SOURCE DATA:
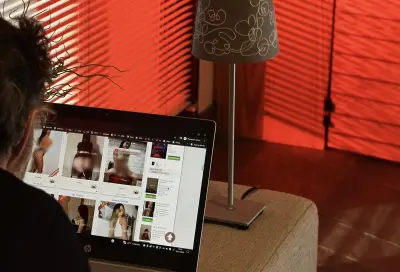 Le Sénat légifère contre les proxénètes 2.0 des plateformes de contenus sexuels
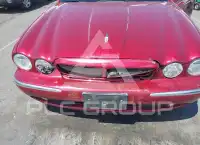 2006 Jaguar XJ photo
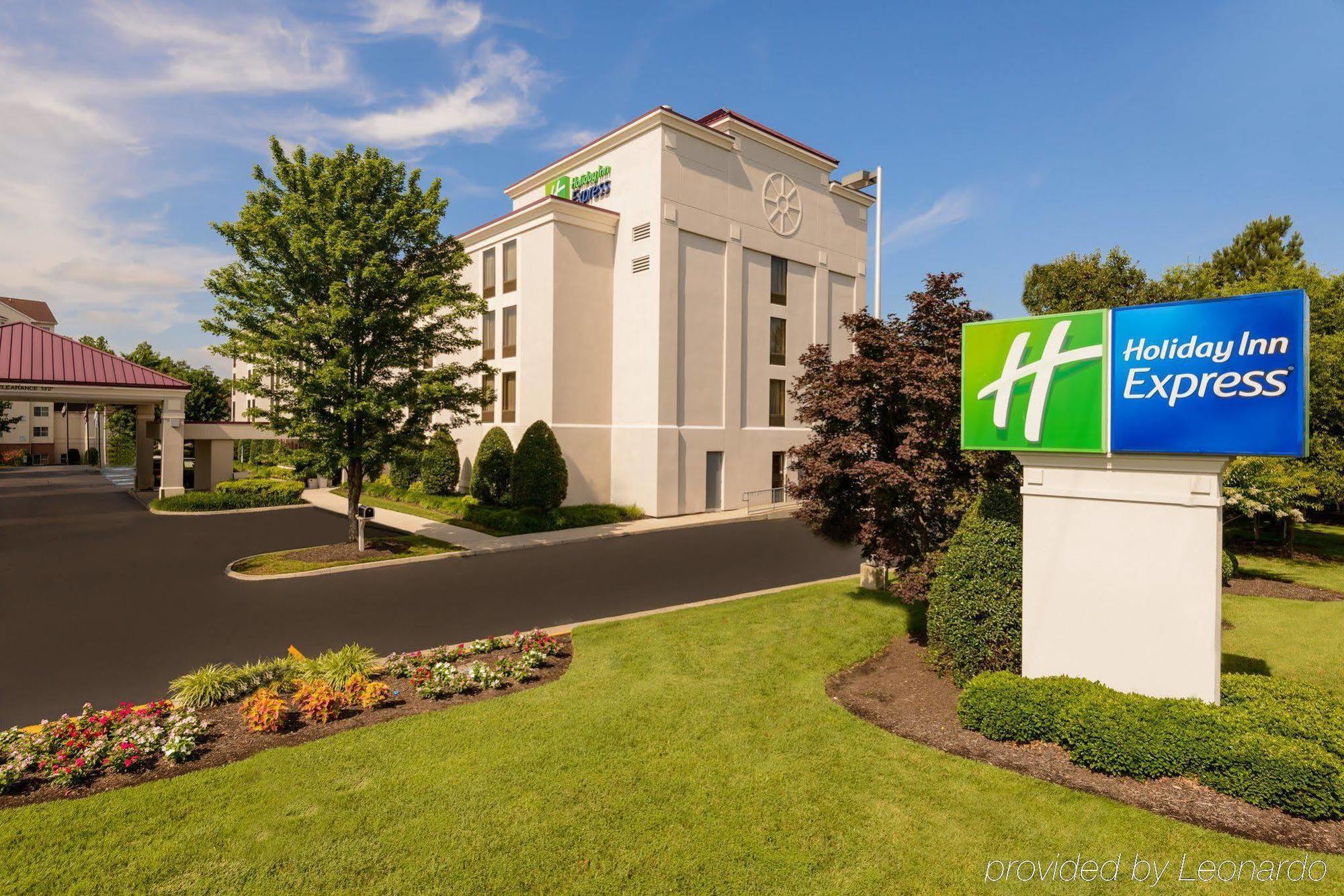 Holiday Inn Express - Chester By Ihg Zewnętrze zdjęcie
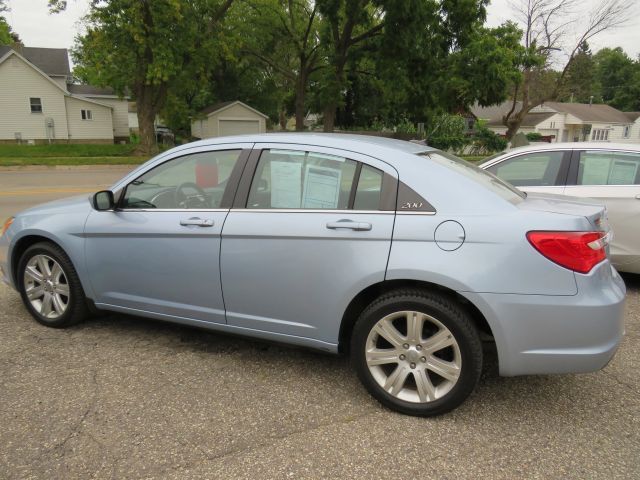 2013 CHRYSLER 200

EXERCISE INSTRUCTIONS: Leaving out only the pictures, return the material above unchanged.

RESULT OF THE EXERCISE:
 Le Sénat légifère contre les proxénètes 2.0 des plateformes de contenus sexuels
 2006 Jaguar XJ photo
 Holiday Inn Express - Chester By Ihg Zewnętrze zdjęcie
 2013 CHRYSLER 200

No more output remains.